── INPUT DATA
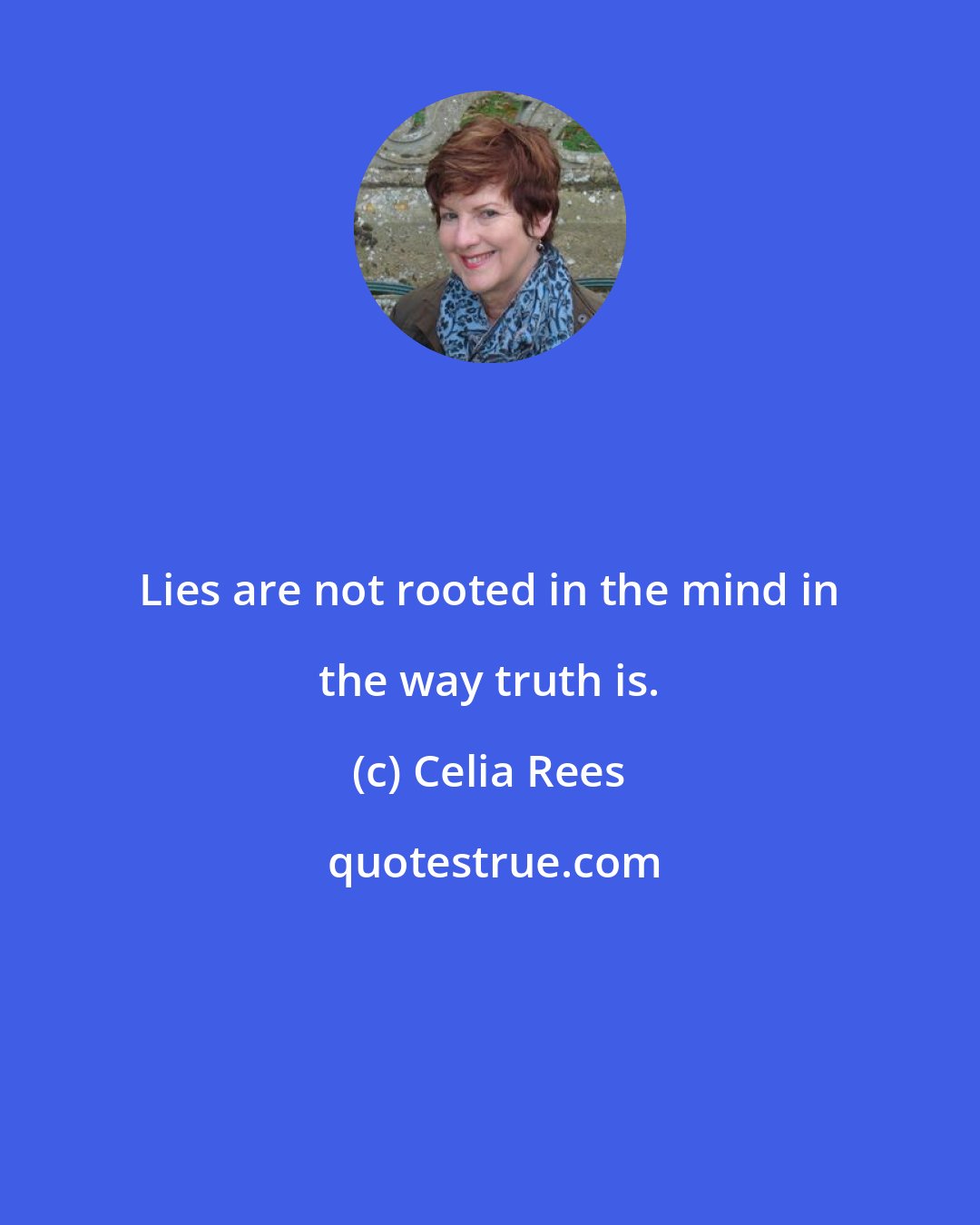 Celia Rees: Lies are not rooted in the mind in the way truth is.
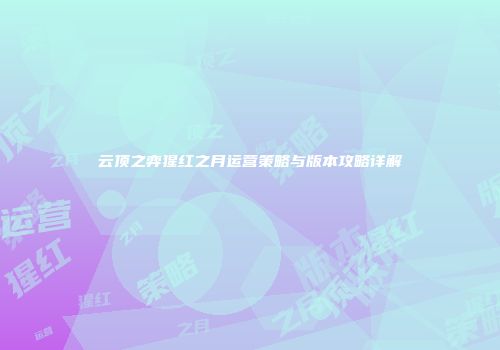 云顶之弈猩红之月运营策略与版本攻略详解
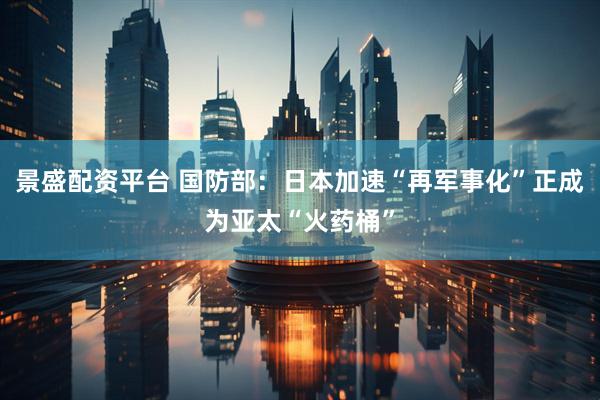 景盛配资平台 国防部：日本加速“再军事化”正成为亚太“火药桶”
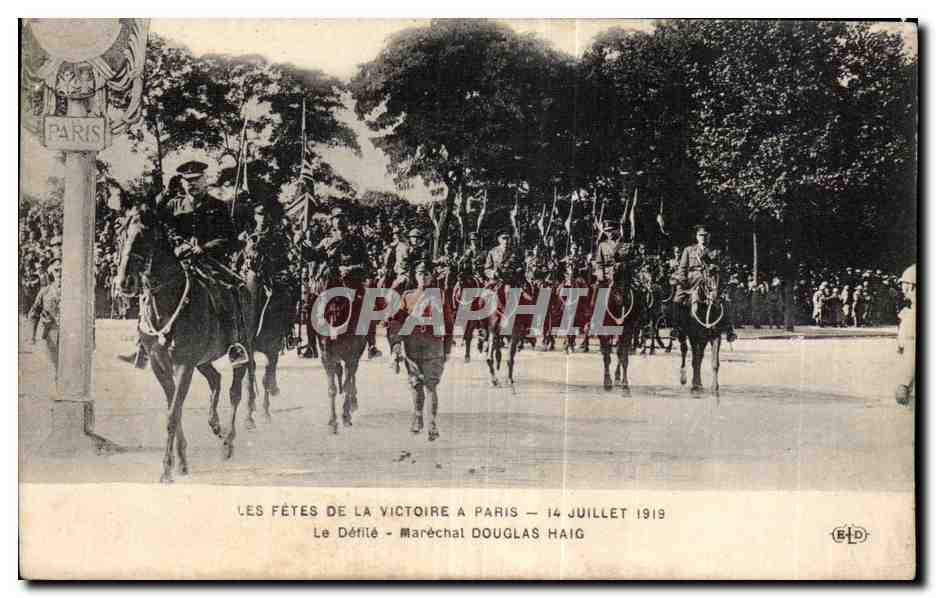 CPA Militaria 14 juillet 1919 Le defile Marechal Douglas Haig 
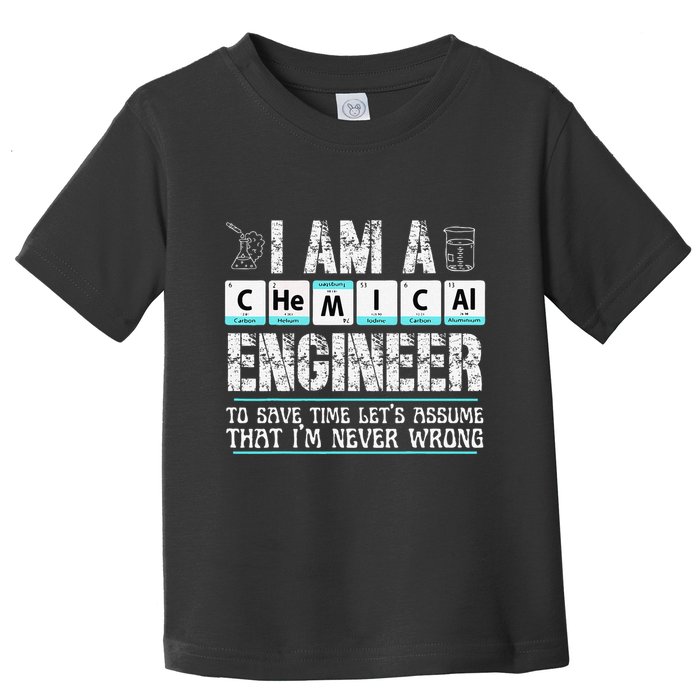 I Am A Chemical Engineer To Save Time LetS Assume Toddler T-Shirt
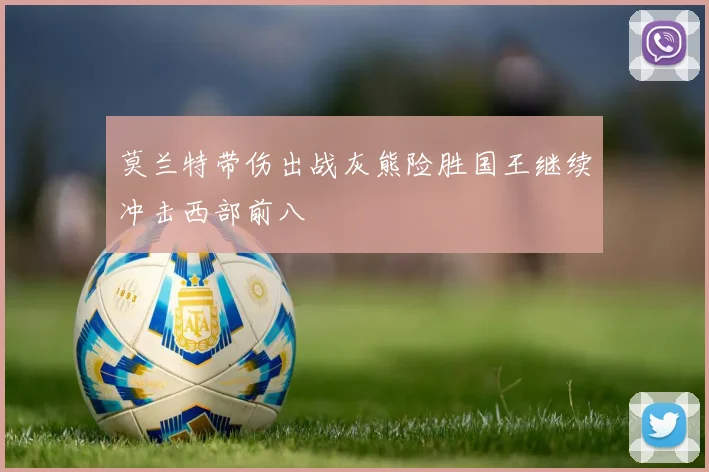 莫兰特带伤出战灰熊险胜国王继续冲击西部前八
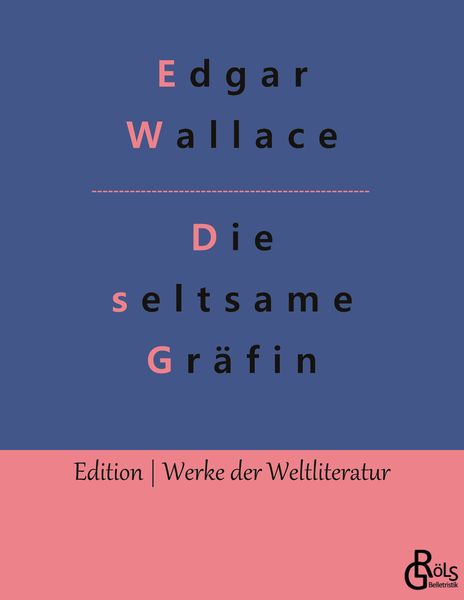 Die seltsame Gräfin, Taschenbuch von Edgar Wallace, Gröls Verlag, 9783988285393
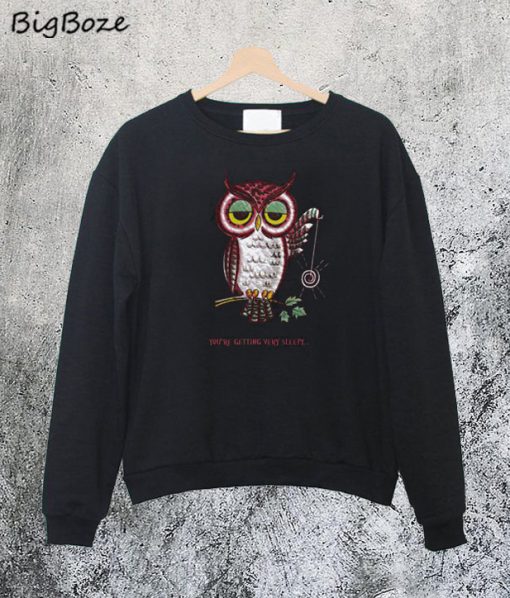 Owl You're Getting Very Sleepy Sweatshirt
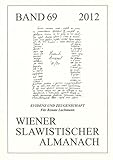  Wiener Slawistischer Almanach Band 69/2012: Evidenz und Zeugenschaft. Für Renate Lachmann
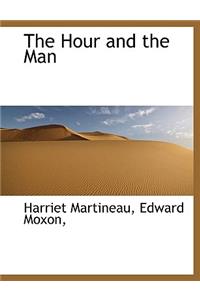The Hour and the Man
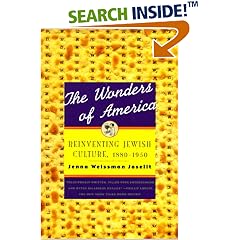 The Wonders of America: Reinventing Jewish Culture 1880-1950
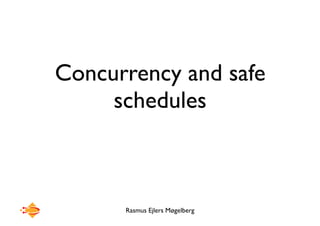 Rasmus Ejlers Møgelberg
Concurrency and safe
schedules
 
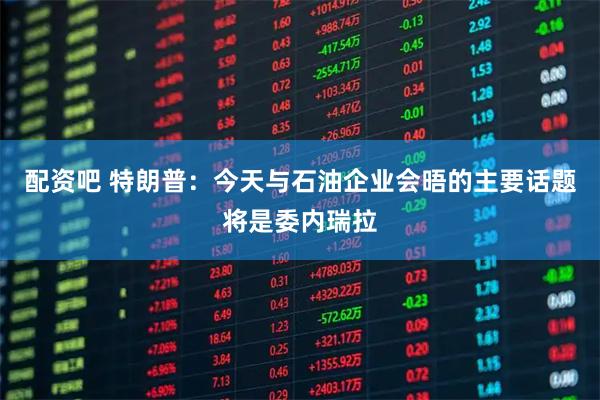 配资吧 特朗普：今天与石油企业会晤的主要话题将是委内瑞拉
────
── INPUT DATA
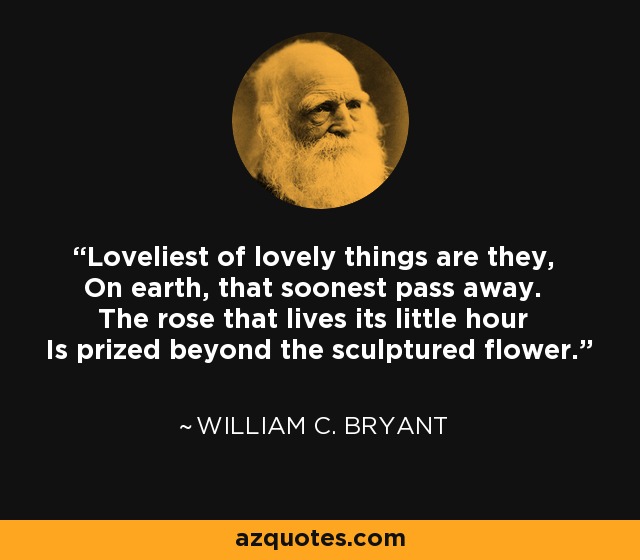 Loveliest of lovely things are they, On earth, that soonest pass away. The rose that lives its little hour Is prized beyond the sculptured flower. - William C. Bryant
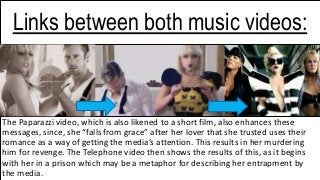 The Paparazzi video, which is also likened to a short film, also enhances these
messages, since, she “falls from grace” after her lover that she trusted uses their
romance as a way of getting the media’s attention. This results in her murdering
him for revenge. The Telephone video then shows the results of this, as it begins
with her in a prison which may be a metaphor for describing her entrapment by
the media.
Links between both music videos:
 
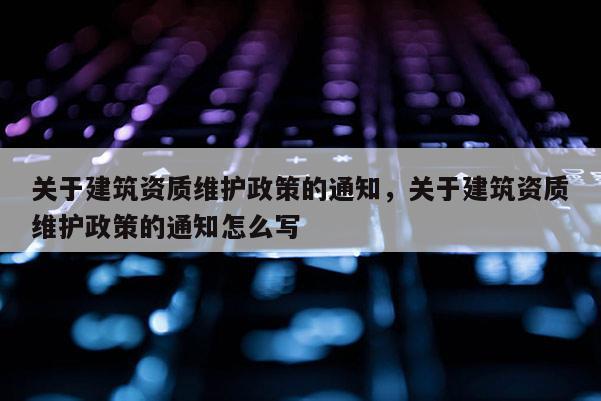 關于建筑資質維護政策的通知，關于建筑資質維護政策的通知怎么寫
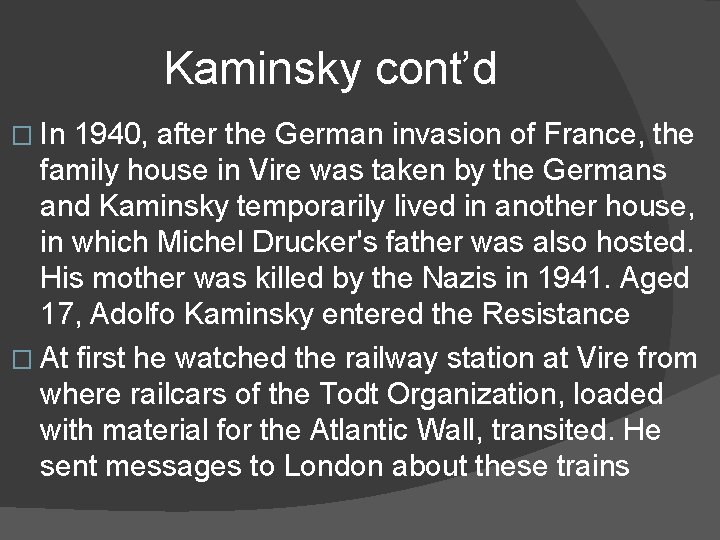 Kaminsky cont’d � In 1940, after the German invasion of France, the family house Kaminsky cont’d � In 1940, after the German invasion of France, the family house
────
EXERCISE BRIEF »
What you write out is the stretch of entries from the line containing "莫兰特带伤出战灰熊险胜国王继续冲击西部前八" to the line containing "配资吧 特朗普：今天与石油企业会晤的主要话题将是委内瑞拉", word for word, with both end lines and no pictures.

FINISHED EXERCISE »
 莫兰特带伤出战灰熊险胜国王继续冲击西部前八
 Die seltsame Gräfin, Taschenbuch von Edgar Wallace, Gröls Verlag, 9783988285393
 Owl You're Getting Very Sleepy Sweatshirt
  Wiener Slawistischer Almanach Band 69/2012: Evidenz und Zeugenschaft. Für Renate Lachmann
The Hour and the Man
 The Wonders of America: Reinventing Jewish Culture 1880-1950
 Rasmus Ejlers Møgelberg
Concurrency and safe
schedules
 
 配资吧 特朗普：今天与石油企业会晤的主要话题将是委内瑞拉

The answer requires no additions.